Learn about classifying point cloud datasets

You'll classify the points in the LAS dataset into several categories, such as ground, buildings, vegetation, and noise, using a combination of automated and manual techniques. The process begins with a series of Automated Classification tools. These tools use rule-based algorithms to evaluate factors like elevation, return number, and point density, with the goal of inferring the most likely class for each point.

For example, ground points are typically identified based on their low elevation and smooth continuity, while building points may be recognized by their flat, elevated surfaces and sharp edges. Vegetation points often show irregular vertical structures and multiple returns, and noise points are flagged based on inconsistencies or anomalies identified in the data.

Later in the workflow, you'll refine the classification by manually adjusting point classes where the automated tools may have misclassified or missed subtle features. This hybrid approach ensures both efficiency and accuracy in producing a well-structured point cloud dataset.

Note:

Often lidar point clouds are already classified by their provider. In such cases, you don't need to do the classification yourself, unless you want to improve it. However, it is always useful to become familiar with the principles of lidar point cloud classification, which is one of the goals of this tutorial.

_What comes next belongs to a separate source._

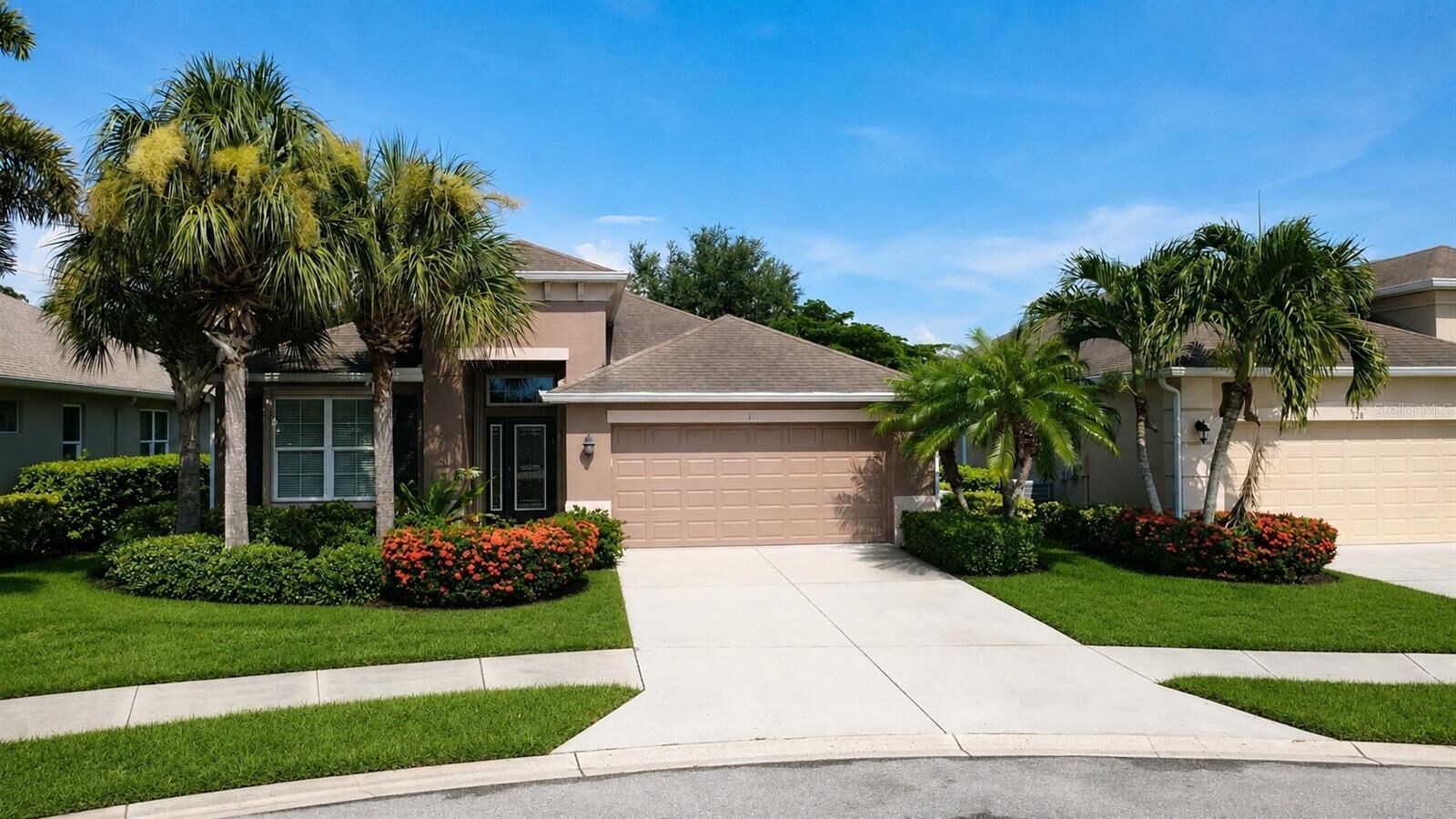 Property Photo: 122 Altesino Court FL 34292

Classify ground and noise points

You'll start by classifying the points that represent the ground surface. These are usually the lowest elevation points, and they create the foundation for further analysis. At the same time, you'll identify noise points that appear abnormally high or low and are probably artifacts caused by random errors in the lidar data collection process. Sometimes these are caused by birds or steam in the air, or you may decide that a group of points should be set as noise based on your own judgment, such as at a construction site.

First, you'll adjust the symbology settings to visualize the LAS point classes.

  1. In the Contents pane, click the Tuborg_Havn.lasd layer to select it.

    Tuborg_Havn.lasd selected

  2. On the ribbon, click the LAS Dataset Layer tab. In the Drawing group, click the Symbology down arrow and choose Class.

    Class option

    The symbology now shows the classification of each point. Because they are currently all unassigned, they are all symbolized in gray.

    LAS dataset symbolized in gray

    In the Contents pane, a list of possible classes appears, but most of them are not currently in use in the LAS dataset.

    Tuborg Havn legend

  3. Click the arrow next to Tuborg_Havn.lasd to collapse the legend and declutter the Contents pane.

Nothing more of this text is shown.